Figure 8.7 shows a typical example of the effect of splitting BufMappingLock. Two backend processes can simultaneously hold respective BufMappingLock partitions in exclusive mode in order to insert new data entries. If the BufMappingLock is a single system-wide lock, both processes should wait for the processing of another process, depending on which started processing.
The buffer table requires many other locks. For example, the buffer table internally uses a spin lock to delete an entry. However, descriptions of these other locks are omitted because they are not required in this document.
The BufMappingLock had been split into 16 separate locks by default until version 9.4.
Each buffer descriptor uses two light-weight locks, content_lock and io_in_progress_lock, to control access to the stored page in the corresponding buffer pool slot. When the values of own fields are checked or changed, a spinlock is used.
The content_lock is a typical lock that enforces access limits. It can be used in shared and exclusive modes.
When reading a page, a backend process acquires a shared content_lock of the buffer descriptor that stores the page.
However, an exclusive content_lock is acquired when doing one of the following:
The official README file shows more details.
The io_in_progress lock is used to wait for I/O on a buffer to complete. When a PostgreSQL process loads/writes page data from/to storage, the process holds an exclusive io_in_progress lock of the corresponding descriptor while accessing the storage.
When the flags or other fields (e.g. refcount and usage_count) are checked or changed, a spinlock is used. Two specific examples of spinlock usage are given below:
LockBufHdr(bufferdesc); /* Acquire a spinlock */ bufferdesc->refcont++; bufferdesc->usage_count++; UnlockBufHdr(bufferdesc); /* Release the spinlock */
#define BM_DIRTY (1 << 0) /* data needs writing */ #define BM_VALID (1 << 1) /* data is valid */ #define BM_TAG_VALID (1 << 2) /* tag is assigned */ #define BM_IO_IN_PROGRESS (1 << 3) /* read or write in progress */ #define BM_JUST_DIRTIED (1 << 5) /* dirtied since write started */ LockBufHdr(bufferdesc); bufferdesc->flags |= BM_DIRTY; UnlockBufHdr(bufferdesc);
Changing other bits is performed in the same manner.
In version 9.6, the spinlocks of buffer manager will be replaced to atomic operations. See this result of commitfest. If you want to know the details, refer to this discussion.
This section describes how the buffer manager works. When a backend process wants to access a desired page, it calls the ReadBufferExtended function.
The behavior of the ReadBufferExtended function depends on three logical cases. Each case is described in the following subsections. In addition, the PostgreSQL clock sweep page replacement algorithm is described in the final subsection.
First, the simplest case is described, i.e. the desired page is already stored in the buffer pool. In this case, the buffer manager performs the following steps:
Then, when reading rows from the page in the buffer pool slot, the PostgreSQL process acquires the shared content_lock of the corresponding buffer descriptor. Thus, buffer pool slots can be read by multiple processes simultaneously.

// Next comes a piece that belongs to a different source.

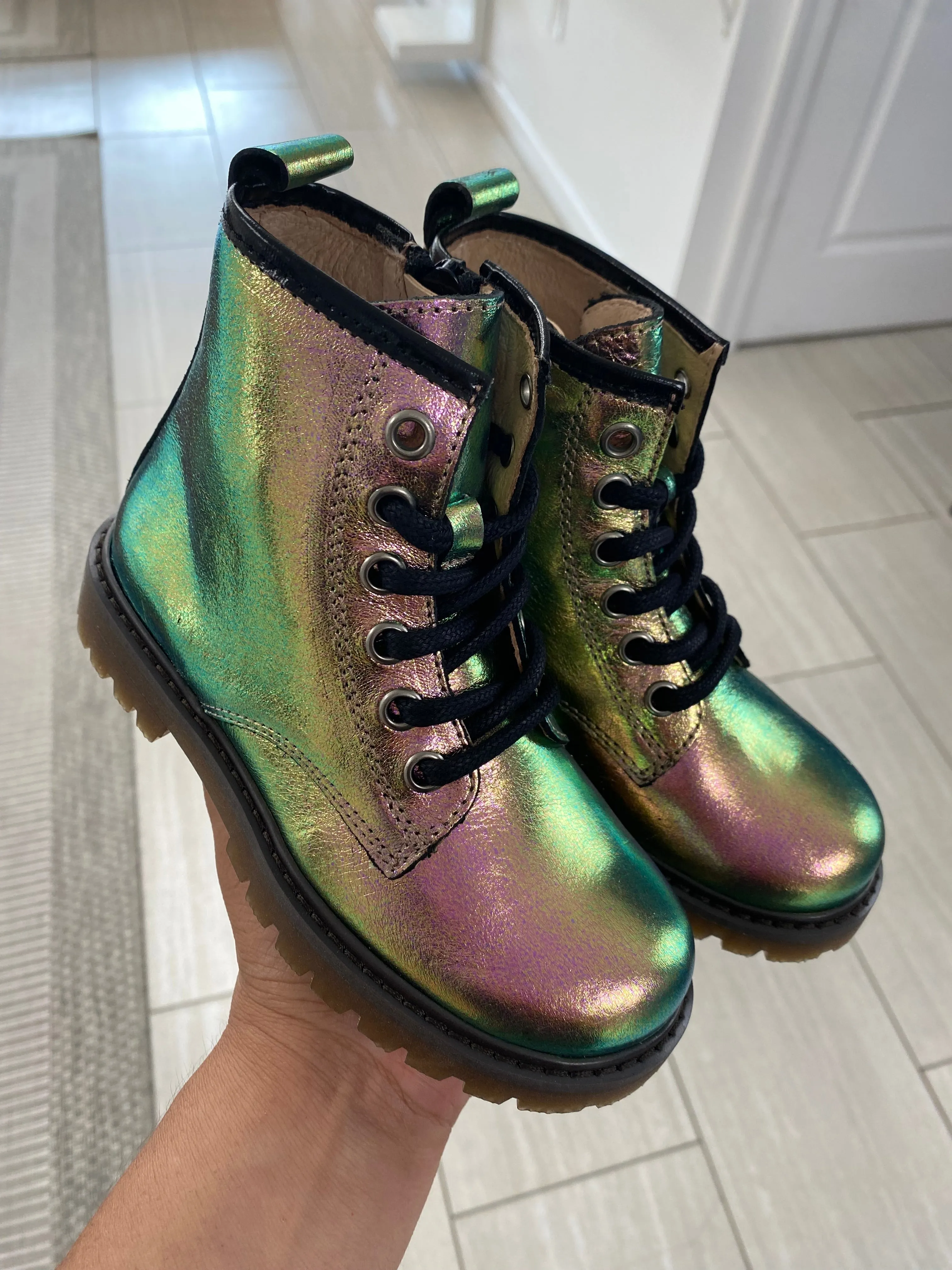 Acebos Iridescent Boot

When inserting (and updating or deleting) rows to the page, a Postgres process acquires the exclusive content_lock of the corresponding buffer descriptor (note that the dirty bit of the page must be set to '1').
After accessing the pages, the refcount values of the corresponding buffer descriptors are decreased by 1.

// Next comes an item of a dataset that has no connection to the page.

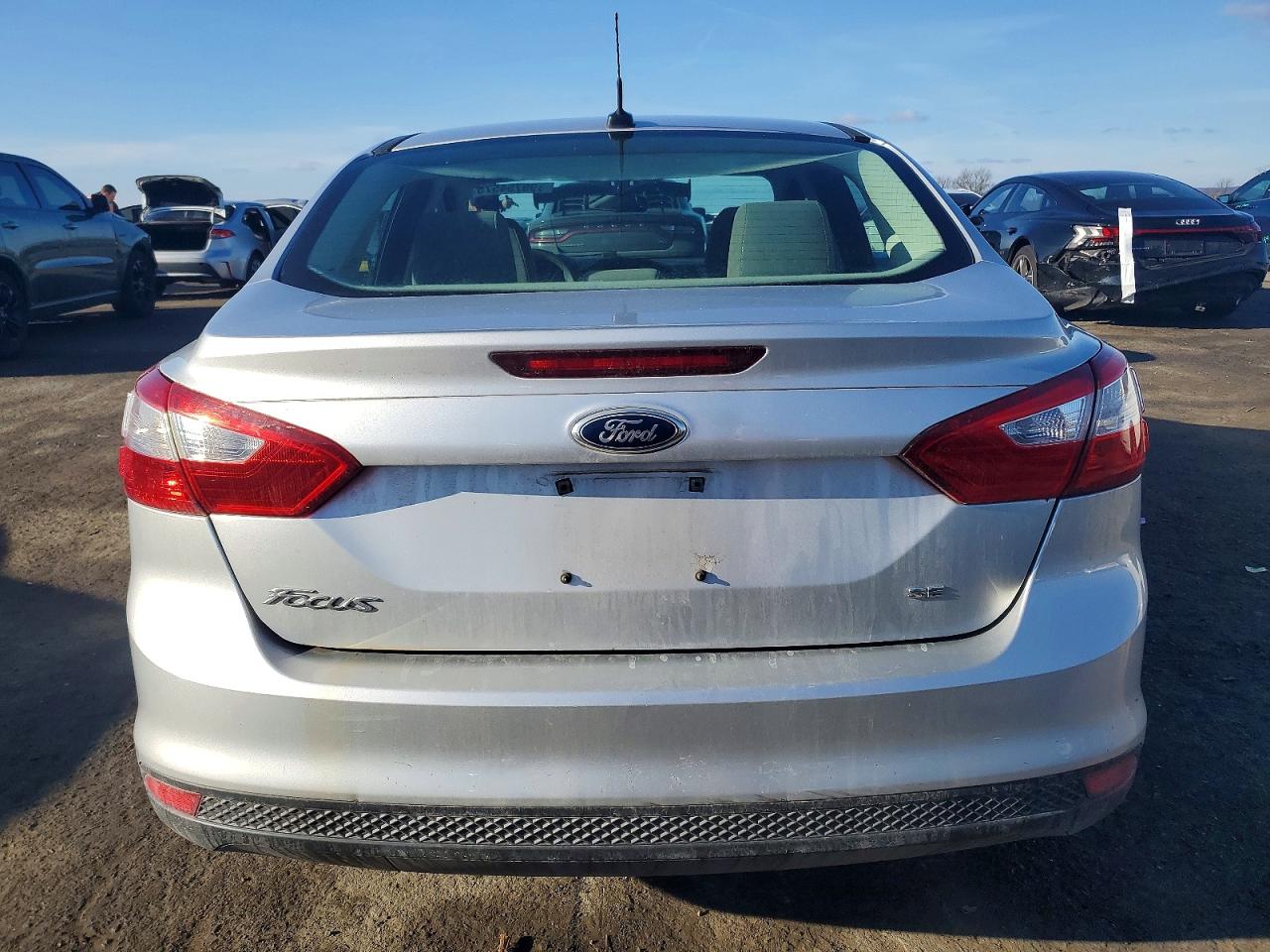 2013 FORD FOCUS SE photo 6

In this second case, assume that the desired page is not in the buffer pool and the freelist has free elements (empty descriptors). In this case, the buffer manager performs the following steps:
In this case, assume that all buffer pool slots are occupied by pages but the desired page is not stored. The buffer manager performs the following steps:
The rest of this section describes the clock-sweep algorithm. This algorithm is a variant of NFU (Not Frequently Used) with low overhead; it selects less frequently used pages efficiently.
Imagine buffer descriptors as a circular list (Fig. 8.12). The nextVictimBuffer, an unsigned 32-bit integer, is always pointing to one of the buffer descriptors and rotates clockwise. The pseudocode and description of the algorithm are follows:
WHILE true
(1) Obtain the candidate buffer descriptor pointed by the nextVictimBuffer
(2) IF the candidate descriptor is unpinned THEN
(3) IF the candidate descriptor's usage_count == 0 THEN
BREAK WHILE LOOP /* the corresponding slot of this descriptor is victim slot. */
ELSE
Decrease the candidate descriptpor's usage_count by 1
END IF
END IF
(4) Advance nextVictimBuffer to the next one
END WHILE
(5) RETURN buffer_id of the victim
A specific example is shown in Fig. 8.12. The buffer descriptors are shown as blue or cyan boxes, and the numbers in the boxes show the usage_count of each descriptor.
Fig. 8.12. Clock Sweep.Whenever the nextVictimBuffer sweeps an unpinned descriptor, its usage_count is decreased by 1. Therefore, if unpinned descripters exist in the buffer pool, this algorithm can always find a victim, whose usage_count is 0, by rotating the nextVictimBuffer.
When reading or writing a huge table, PostgreSQL uses a ring buffer rather than the buffer pool. The ring buffer is a small and temporary buffer area. When any condition listed below is met, a ring buffer is allocated to shared memory:
When a relation whose size exceeds one-quarter of the buffer pool size (shared_buffers/4) is scanned. In this case, the ring buffer size is 256 KB.
When the SQL commands listed below are executed. In this case, the ring buffer size is 16 MB.
The allocated ring buffer is released immediately after use.
The benefit of the ring buffer is obvious. If a backend process reads a huge table without using a ring buffer, all stored pages in the buffer pool are removed (kicked out); therefore, the cache hit ratio decreases. The ring buffer avoids this issue.
Why 256 KB? The answer is explained in the README located under the buffer manager's source directory.
For sequential scans, a 256 KB ring is used. That's small enough to fit in L2 cache, which makes transferring pages from OS cache to shared buffer cache efficient. Even less would often be enough, but the ring must be big enough to accommodate all pages in the scan that are pinned concurrently. (snip)
In addition to replacing victim pages, the checkpointer and background writer processes flush dirty pages to storage. Both processes have the same function (flushing dirty pages); however, they have different roles and behaviours.
The checkpointer process writes a checkpoint record to the WAL segment file and flushes dirty pages whenever checkpointing starts. Section 9.7 describes checkpointing and when it begins.
The role of the background writer is to reduce the influence of the intensive writing of checkpointing. The background writer continues to flush dirty pages little by little with minimal impact on database activity. By default, the background writer wakes every 200 msec (defined by bgwriter_delay) and flushes bgwriter_lru_maxpages (the default is 100 pages) at maximum.
In version 9.1 or earlier, background writer had regularly done the checkpoint processing. In version 9.2, the checkpointer process has been separated from the background writer process. Since the reason is described in the proposal whose title is "Separating bgwriter and checkpointer", the sentences from it are shown in the following.
Currently(in 2011) the bgwriter process performs both background writing, checkpointing and some other duties. This means that we can't perform the final checkpoint fsync without stopping background writing, so there is a negative performance effect from doing both things in one process.
Additionally, our aim in 9.2 is to replace polling loops with latches for power reduction. The complexity of the bgwriter loops is high and it seems unlikely to come up with a clean approach using latches.
(snip)